START DATA RECORDS

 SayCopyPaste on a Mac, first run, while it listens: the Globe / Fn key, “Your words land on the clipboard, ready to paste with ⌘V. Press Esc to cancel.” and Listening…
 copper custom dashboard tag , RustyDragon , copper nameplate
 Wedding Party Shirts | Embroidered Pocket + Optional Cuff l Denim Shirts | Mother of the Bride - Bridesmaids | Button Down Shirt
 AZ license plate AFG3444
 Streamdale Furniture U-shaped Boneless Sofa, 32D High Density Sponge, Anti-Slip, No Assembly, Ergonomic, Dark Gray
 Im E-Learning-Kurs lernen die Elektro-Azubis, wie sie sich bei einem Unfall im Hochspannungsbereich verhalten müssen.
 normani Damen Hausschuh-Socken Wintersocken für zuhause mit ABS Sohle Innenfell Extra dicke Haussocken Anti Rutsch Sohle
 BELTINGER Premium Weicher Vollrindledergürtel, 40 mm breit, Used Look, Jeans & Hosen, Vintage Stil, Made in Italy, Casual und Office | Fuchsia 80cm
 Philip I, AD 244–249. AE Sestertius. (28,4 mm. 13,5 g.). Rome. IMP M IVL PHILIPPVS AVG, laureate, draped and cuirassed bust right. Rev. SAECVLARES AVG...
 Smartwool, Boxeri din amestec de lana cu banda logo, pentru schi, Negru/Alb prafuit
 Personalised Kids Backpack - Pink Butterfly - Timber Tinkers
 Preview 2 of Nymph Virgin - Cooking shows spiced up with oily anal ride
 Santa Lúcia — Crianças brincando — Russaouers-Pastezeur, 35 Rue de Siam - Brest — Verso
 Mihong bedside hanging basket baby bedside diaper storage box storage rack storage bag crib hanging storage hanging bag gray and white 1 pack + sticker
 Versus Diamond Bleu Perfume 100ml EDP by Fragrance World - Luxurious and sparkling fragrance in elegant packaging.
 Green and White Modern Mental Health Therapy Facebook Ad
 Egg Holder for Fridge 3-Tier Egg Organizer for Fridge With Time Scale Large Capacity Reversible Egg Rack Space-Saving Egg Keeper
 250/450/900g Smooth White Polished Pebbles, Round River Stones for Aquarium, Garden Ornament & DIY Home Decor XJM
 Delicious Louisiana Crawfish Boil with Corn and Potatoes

END DATA RECORDS

Scan the lines above for "Anti" and state how many match, nothing more.

2